California continues to rank last, or so near the bottom that it makes no difference, in quality-of-life lists, and it’s not quite clear if the news has made it to Sacramento yet. Because there are no efforts being made to turn things around.
Instead, it seems the majority of lawmakers is determined to stay on the path that leads directly to a great fall.
The most recent list that should embarrass policymakers is from WalletHub, which ranks California as 47th on its list of “2019’s Best & Worst States to Drive in.” It’s likely all that was standing between that and a dead-last finish is California’s No. 1 rank as the state with both the fewest days of precipitation and the most car washes per capita. This is just the sort of oddball juxtaposition we might expect from California.

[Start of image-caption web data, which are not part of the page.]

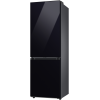 Refrigerator Samsung RB34A7B4F22WT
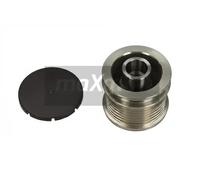 Écran thermique d'échappement 30-0173 MAXGEAR pour MERCEDES-BENZ JEEP CHRYSLER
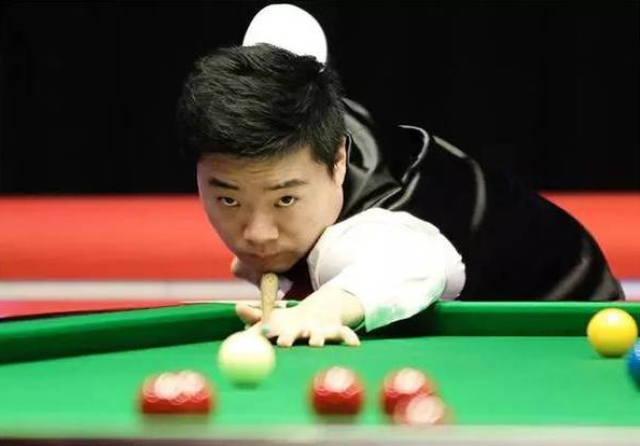 个胜利不仅 个胜利不仅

With this in mind, here’s what else we know about California:
- It is among the hottest of Judicial Hellholes, and has been since 2012. Only in Florida are the civil courtrooms more devilish.
- The state’s business tax climate is also 49th.
- For 14 years running, California has been the worst state in which to do business.
- It can do no better than a miserable 48th in a ranking of Freedom in the 50 States, the same lowly station it has wallowed in since 2011.
- No other state burdens small businesses with more regulation than California.
- Forty-one states have better roads and highways, as measured by a number of variables, including pavement conditions, deficient bridges, traffic congestion, and fatality rates.
- The state’s largest city has the most congested roads on Earth, and is home to six cities in total that are in the bottom 10 percent worldwide in traffic delays.
- It has the highest poverty rate in the country.
- And it is one of the worst, no better than 15th from the bottom and maybe even 49th, in the hurdles it places on workers applying for occupational licenses.
Californians are also suffering through arguably the most grim and intractable housing crisis in America; carrying the weight of runaway public-employee pensions; dealing with the nation’s most discouraging homeless problem; yoked to a broken income-tax system; and quitting for states where opportunities aren’t snuffed out by hyperactive government.
While these and host of other problems continue to fester, Sacramento in recent years is/has been busy:
- Banning straws.
- Banning single-use plastic bags.
- Fighting global warming, which it can do nothing about.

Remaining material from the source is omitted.